The Devil’s Candy
by Hope Madden
Hard rock music makes for both an evocative soundtrack and theme for horror. It possesses a throbbing, angry darkness perfectly suited to imagery, behavior and pace. The hilariously wrong Kiwi flick Deathgasm and last year’s brilliant Green Room knew this.
Writer/director Sean Byrne recognizes this ripe musical landscape. He returns to the genre after too long an absence with his own head banging horror show – The Devil’s Candy.
In 2009 the Tasmanian filmmaker released one of my all-time favorite films, The Loved Ones. And while Candy can’t match the unhinged lunacy of Byrne’s previous classic, his skill with a story, a camera and a cast are still evident.

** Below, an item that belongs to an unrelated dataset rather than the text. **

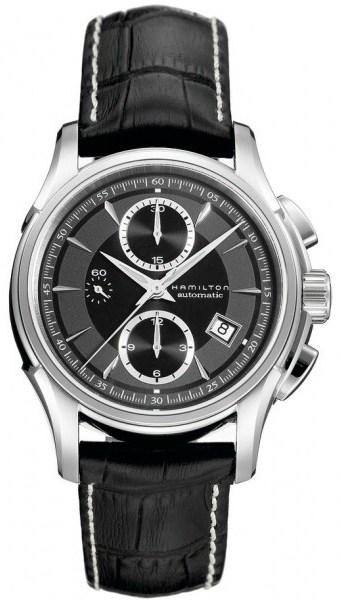Karóra Hamilton JazzMaster Auto Chrono H32616533
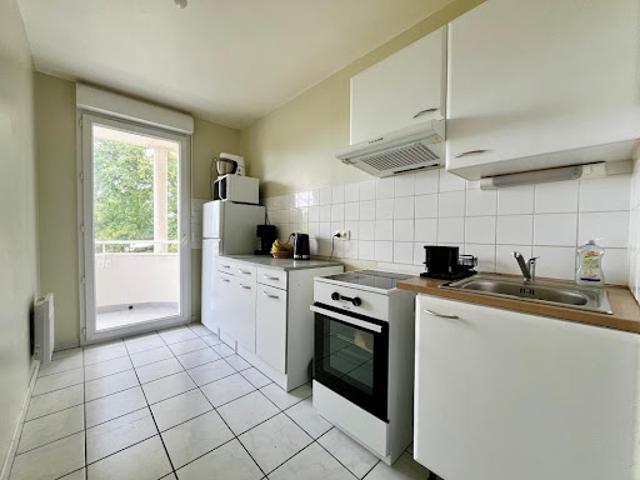 Location Appartement 2 pièces 50.21 m2 Bruges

Ethan Embry plays Jesse Hellman, struggling metalhead painter who, with his wife and pre-teen daughter, just bought a bargain of a house out in the Texas sticks. Why so cheap? Amityville shit.
So, the demented son (Pruitt Taylor Vince) of the deceased former owners lurks about. Meanwhile Jesse’s art becomes more disturbing and consuming. But Byrne shifts expectations, setting the film up as a haunted house/possession terror that turns into more of a serial killer thriller.
Still, so much about this film smacks of redundancy. Too many movies follow a young family into the damned home of their dreams, generating tension with either the fear that one family member will turn on another, or that the parents cannot keep their child safe. Or both.
No, Byrne’s follow up film does not boast the same unbridled originality as Loved Ones. But he almost makes up for that flaw with well-crafted characters, excellent on-screen chemistry among his performers, and a genuine love of metal.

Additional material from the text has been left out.